The Bank of Lithuania is stepping up its research into the implications of offering a central bank digital currency, publishing a new research paper highlighting CBDC design choices as well as monetary policy and financial stability implications.
The in-depth analysis comes ahead of the central bank's launch of 24,000 digital collector coins created using a blockchain-based approach, and the establishment of a sandbox platform for testing digital ledger projects, LBChain.
“It is fascinating to follow how fast the area of digital assets and currencies is evolving," says Marius Jurgilas, Bank of Lithuania board member. "It is not prudent to be a casual observer, as this puts regulators and supervisors in the anxious position of a parent who is disgruntled to see that his 'parental controls' are completely out of date. The preferred approach is to face the risks and gain hands-on experience in a controlled environment.”
The CBDC debate has gathered a new sense of urgency in central banking circles following Facebook's plans to issue its own stablecoins as a new form of digital money.

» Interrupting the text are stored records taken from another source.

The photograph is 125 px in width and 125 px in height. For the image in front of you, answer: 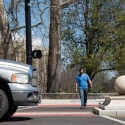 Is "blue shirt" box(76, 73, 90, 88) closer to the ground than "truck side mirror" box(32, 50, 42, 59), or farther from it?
closer to the ground

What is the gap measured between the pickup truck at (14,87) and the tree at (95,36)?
988 inches

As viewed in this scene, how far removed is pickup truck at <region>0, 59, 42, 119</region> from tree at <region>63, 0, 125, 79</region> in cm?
2509

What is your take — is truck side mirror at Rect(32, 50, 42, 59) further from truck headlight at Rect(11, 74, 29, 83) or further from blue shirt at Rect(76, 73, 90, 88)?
truck headlight at Rect(11, 74, 29, 83)

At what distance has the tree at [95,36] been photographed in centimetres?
3666

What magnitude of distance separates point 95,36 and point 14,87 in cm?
2762

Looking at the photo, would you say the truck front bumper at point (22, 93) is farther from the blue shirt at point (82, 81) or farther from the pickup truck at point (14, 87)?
the blue shirt at point (82, 81)

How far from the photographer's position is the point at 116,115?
1313cm

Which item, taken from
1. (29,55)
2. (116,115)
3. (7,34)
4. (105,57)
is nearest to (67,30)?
(105,57)

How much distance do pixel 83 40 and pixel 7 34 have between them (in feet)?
35.8

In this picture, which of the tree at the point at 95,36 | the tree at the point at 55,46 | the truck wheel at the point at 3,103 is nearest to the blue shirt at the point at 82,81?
the truck wheel at the point at 3,103

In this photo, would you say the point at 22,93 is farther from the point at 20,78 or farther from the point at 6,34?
the point at 6,34

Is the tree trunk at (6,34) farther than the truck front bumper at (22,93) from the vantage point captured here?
Yes

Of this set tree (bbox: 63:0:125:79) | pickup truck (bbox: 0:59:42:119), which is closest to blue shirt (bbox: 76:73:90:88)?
pickup truck (bbox: 0:59:42:119)

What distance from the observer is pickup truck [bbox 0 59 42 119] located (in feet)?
35.3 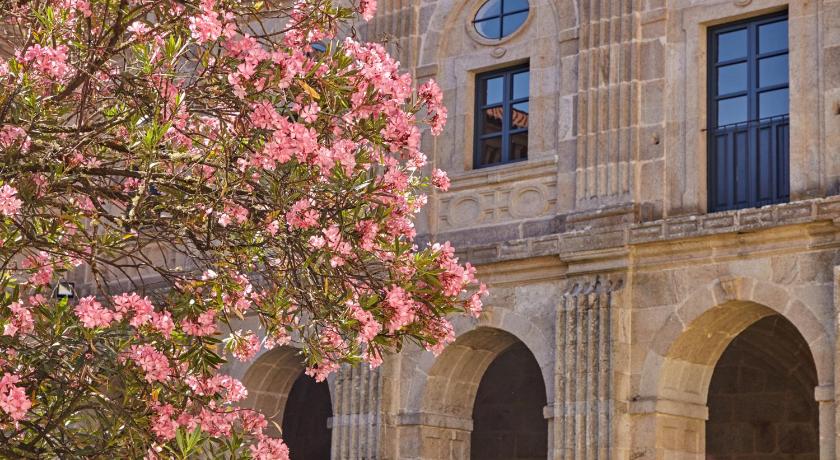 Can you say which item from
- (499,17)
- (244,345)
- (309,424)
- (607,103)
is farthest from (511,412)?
(244,345)

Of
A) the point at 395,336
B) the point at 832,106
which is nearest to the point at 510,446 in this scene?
the point at 832,106

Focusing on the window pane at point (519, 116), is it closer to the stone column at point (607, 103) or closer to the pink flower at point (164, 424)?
the stone column at point (607, 103)

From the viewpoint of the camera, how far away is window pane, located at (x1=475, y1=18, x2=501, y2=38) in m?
16.6

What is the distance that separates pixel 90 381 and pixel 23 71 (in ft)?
4.97

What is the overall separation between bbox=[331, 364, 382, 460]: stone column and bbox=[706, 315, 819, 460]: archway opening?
13.3 ft

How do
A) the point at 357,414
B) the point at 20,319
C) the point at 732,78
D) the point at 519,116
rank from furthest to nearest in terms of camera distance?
the point at 357,414, the point at 519,116, the point at 732,78, the point at 20,319

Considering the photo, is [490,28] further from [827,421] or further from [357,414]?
[827,421]

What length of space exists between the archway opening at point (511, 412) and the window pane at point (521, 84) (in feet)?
13.6

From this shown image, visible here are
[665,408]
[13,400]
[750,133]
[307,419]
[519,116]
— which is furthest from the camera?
[307,419]

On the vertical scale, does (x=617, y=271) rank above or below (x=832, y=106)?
below

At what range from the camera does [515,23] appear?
16.4 metres

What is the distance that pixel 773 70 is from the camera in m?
14.3

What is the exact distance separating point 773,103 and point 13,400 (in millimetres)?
9196

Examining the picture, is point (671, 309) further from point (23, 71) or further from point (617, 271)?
point (23, 71)
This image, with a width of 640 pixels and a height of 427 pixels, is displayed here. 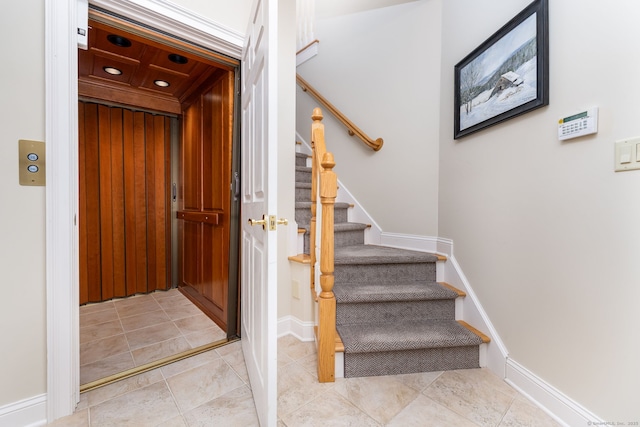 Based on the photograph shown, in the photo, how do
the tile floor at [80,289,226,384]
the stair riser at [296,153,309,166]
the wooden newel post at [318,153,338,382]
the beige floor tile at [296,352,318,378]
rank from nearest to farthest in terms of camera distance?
the wooden newel post at [318,153,338,382] → the beige floor tile at [296,352,318,378] → the tile floor at [80,289,226,384] → the stair riser at [296,153,309,166]

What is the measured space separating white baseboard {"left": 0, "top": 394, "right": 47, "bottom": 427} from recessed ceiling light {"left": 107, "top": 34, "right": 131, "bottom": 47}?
2102 millimetres

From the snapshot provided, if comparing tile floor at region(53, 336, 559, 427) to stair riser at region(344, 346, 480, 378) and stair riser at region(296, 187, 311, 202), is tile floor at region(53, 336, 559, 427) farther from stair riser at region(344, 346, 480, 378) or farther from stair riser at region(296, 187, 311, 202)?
stair riser at region(296, 187, 311, 202)

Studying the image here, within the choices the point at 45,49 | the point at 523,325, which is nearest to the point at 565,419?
the point at 523,325

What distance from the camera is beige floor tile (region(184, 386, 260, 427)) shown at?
4.02 ft

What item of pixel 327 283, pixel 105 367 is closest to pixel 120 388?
pixel 105 367

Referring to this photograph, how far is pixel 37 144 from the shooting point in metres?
1.18

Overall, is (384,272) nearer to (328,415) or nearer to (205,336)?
(328,415)

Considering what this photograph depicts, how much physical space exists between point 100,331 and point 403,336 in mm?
2281

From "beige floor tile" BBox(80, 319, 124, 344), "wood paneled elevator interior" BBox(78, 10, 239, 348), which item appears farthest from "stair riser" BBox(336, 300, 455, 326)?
"beige floor tile" BBox(80, 319, 124, 344)

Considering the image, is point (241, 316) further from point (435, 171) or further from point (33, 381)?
point (435, 171)

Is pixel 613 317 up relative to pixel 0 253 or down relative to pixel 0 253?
down

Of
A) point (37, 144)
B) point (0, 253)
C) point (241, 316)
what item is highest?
point (37, 144)

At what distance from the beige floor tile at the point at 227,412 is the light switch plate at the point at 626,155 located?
1.81 metres

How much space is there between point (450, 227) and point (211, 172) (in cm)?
199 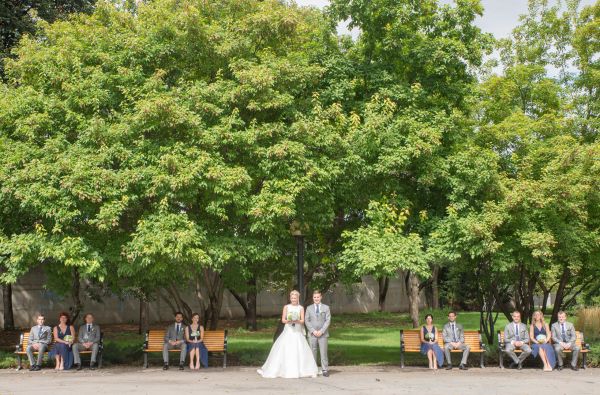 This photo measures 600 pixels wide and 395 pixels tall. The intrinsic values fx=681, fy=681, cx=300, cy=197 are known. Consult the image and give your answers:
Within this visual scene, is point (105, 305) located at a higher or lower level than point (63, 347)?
higher

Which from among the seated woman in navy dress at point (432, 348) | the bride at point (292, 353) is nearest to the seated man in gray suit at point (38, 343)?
the bride at point (292, 353)

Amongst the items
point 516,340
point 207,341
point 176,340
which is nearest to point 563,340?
point 516,340

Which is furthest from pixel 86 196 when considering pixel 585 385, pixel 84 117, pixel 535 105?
pixel 535 105

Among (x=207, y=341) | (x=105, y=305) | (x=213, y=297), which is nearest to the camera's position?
(x=207, y=341)

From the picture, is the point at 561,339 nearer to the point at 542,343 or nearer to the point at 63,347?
the point at 542,343

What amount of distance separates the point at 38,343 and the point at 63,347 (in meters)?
0.54

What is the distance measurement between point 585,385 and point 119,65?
11682 millimetres

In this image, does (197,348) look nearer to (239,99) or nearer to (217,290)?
(217,290)

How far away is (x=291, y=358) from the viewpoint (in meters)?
13.3

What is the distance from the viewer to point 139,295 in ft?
69.0

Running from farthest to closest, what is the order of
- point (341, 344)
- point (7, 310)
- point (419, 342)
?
point (7, 310) → point (341, 344) → point (419, 342)

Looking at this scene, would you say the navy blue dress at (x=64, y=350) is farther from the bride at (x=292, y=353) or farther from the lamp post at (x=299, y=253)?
the lamp post at (x=299, y=253)

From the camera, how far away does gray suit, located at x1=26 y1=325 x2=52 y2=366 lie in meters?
14.8

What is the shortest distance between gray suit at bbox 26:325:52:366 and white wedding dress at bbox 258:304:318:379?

Jurgilas believes central banks around the world might find themselves better able to meet the changing financial needs of consumers and businesses by embracing the new technology.
“If we truly aim to insulate the Eurozone from global technology-related threats and provide a competitive advantage to our businesses, European payment strategies must not be based on solutions of the past," he states.
The position paper CBDC: in the whirlpool of discussion
presents the CBDC concept and typology, surveys the existing literature, documents the initiatives undertaken by central banks around the world, and discusses policy implications from the perspectives of monetary policy and financial stability.
The paper emphasises that CBDC could promote financial inclusion and cross-border trade, as well as support the economy by providing access to basic payment services and the ultimate safe asset. Yet, certain CBDC designs could contain some risks.